* [Data segment]
++++++++++++++++++++

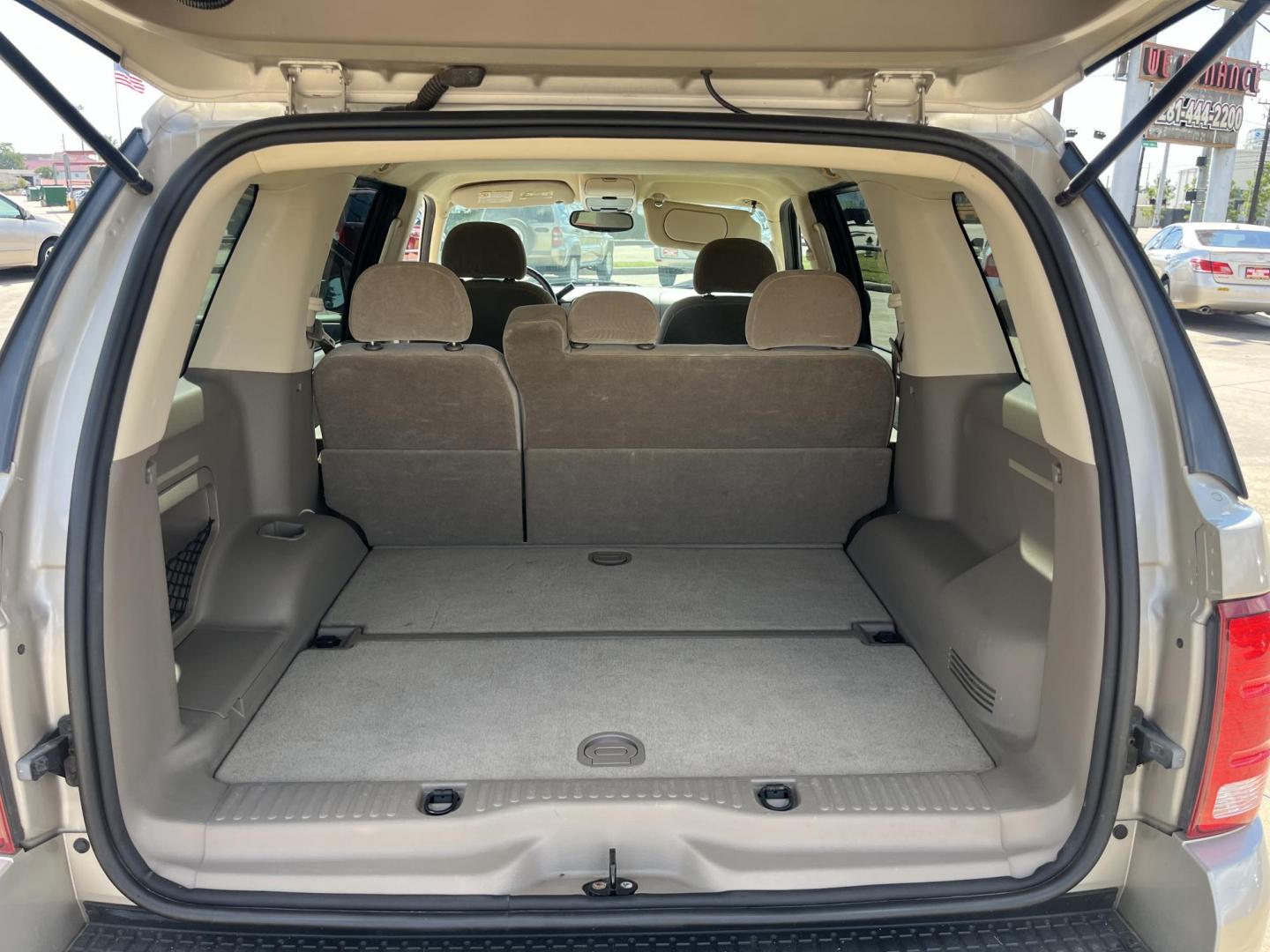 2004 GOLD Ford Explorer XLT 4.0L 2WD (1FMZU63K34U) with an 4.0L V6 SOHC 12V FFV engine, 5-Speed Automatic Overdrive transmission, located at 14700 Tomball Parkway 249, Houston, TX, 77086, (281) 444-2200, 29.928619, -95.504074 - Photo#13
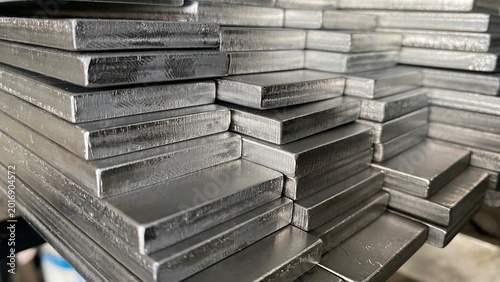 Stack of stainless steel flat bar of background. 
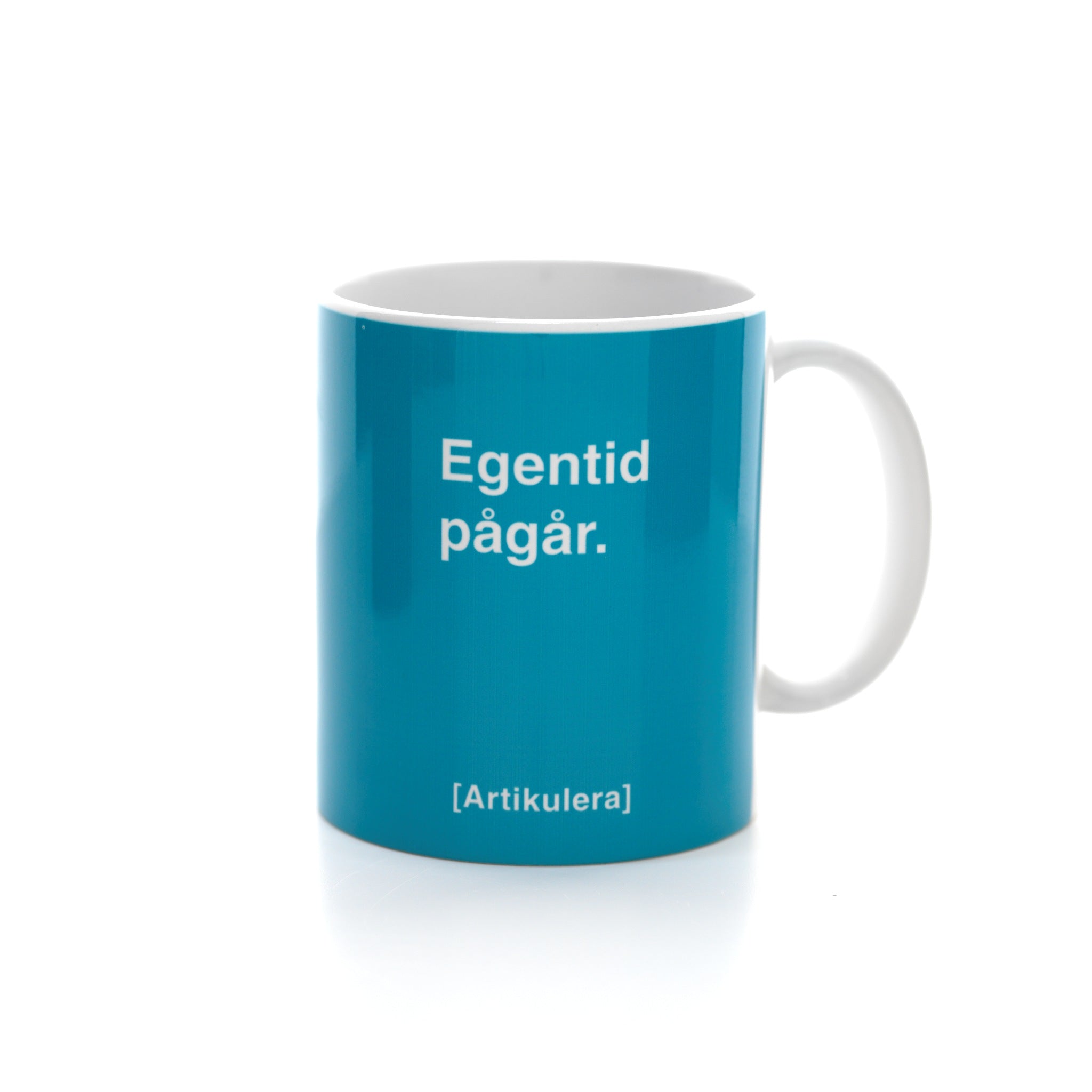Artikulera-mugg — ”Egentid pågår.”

++++++++++++++++++++

* [Instructions to follow] After removing the pictures, transcribe the listing above exactly.

* [Solution for this exercise]
 2004 GOLD Ford Explorer XLT 4.0L 2WD (1FMZU63K34U) with an 4.0L V6 SOHC 12V FFV engine, 5-Speed Automatic Overdrive transmission, located at 14700 Tomball Parkway 249, Houston, TX, 77086, (281) 444-2200, 29.928619, -95.504074 - Photo#13
 Stack of stainless steel flat bar of background. 
Artikulera-mugg — ”Egentid pågår.”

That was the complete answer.